> [AVAILABLE DATA]

= = =

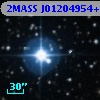 2MASS J01204954+6057065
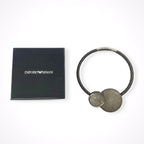 EMPORIO ARMANI / サークルモチーフチョーカー ネックレス 参考定価：50,000程度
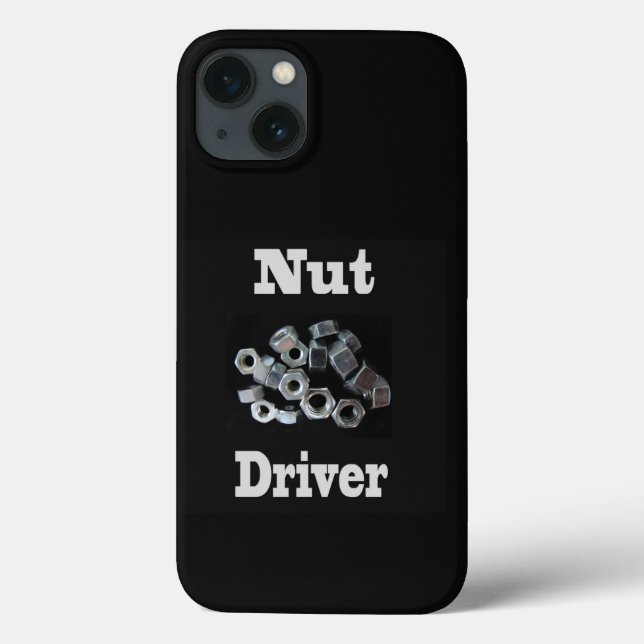 Nut Driver Case-Mate iPhone Case (Back)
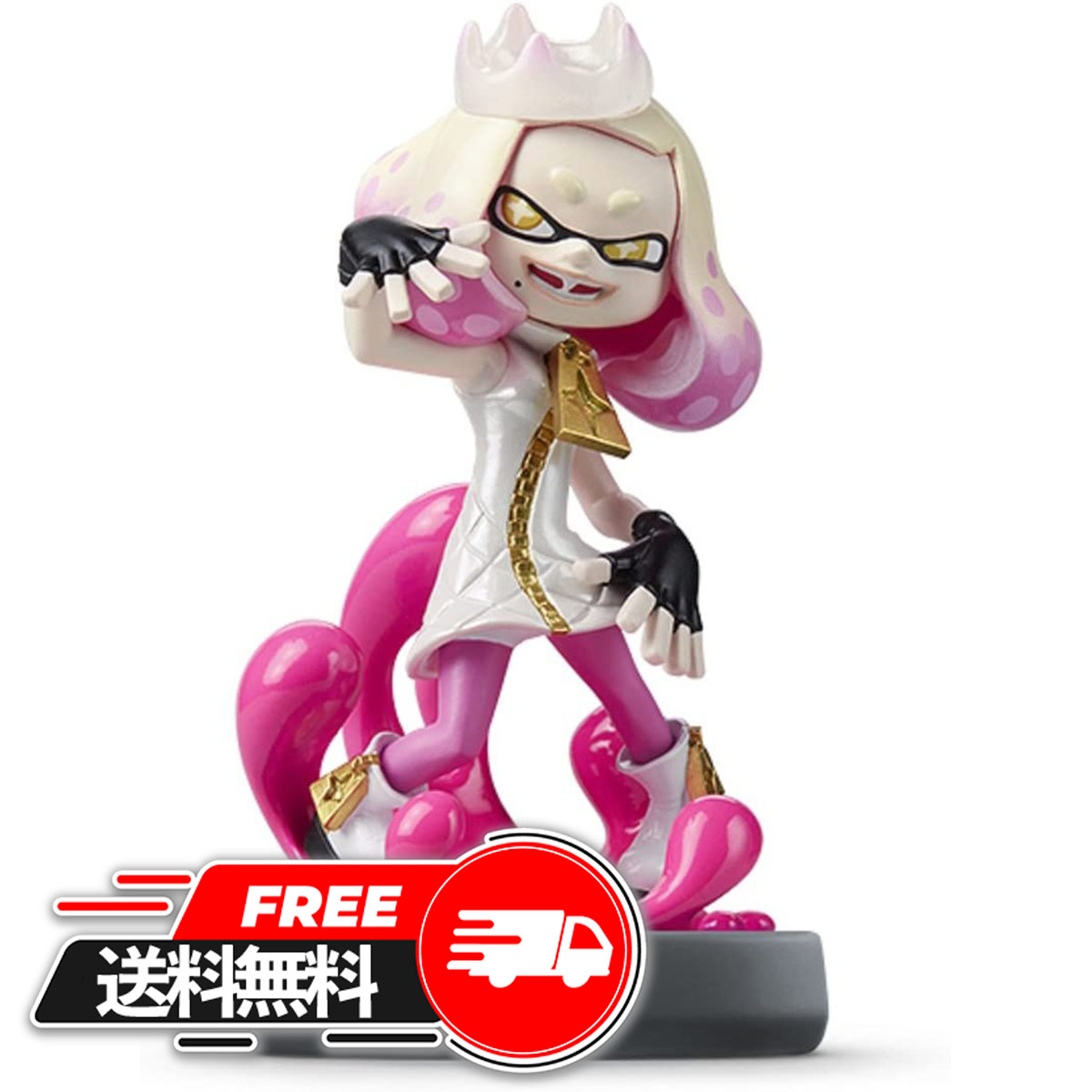 楽天市場】amiibo ヒメ スプラトゥーンシリーズ 任天堂 アミーボ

= = =

> [TASK OBJECTIVE] Each line above should be returned exactly as written, apart from any pictures.

> [OUTPUT]
 2MASS J01204954+6057065
 EMPORIO ARMANI / サークルモチーフチョーカー ネックレス 参考定価：50,000程度
 Nut Driver Case-Mate iPhone Case (Back)
 楽天市場】amiibo ヒメ スプラトゥーンシリーズ 任天堂 アミーボ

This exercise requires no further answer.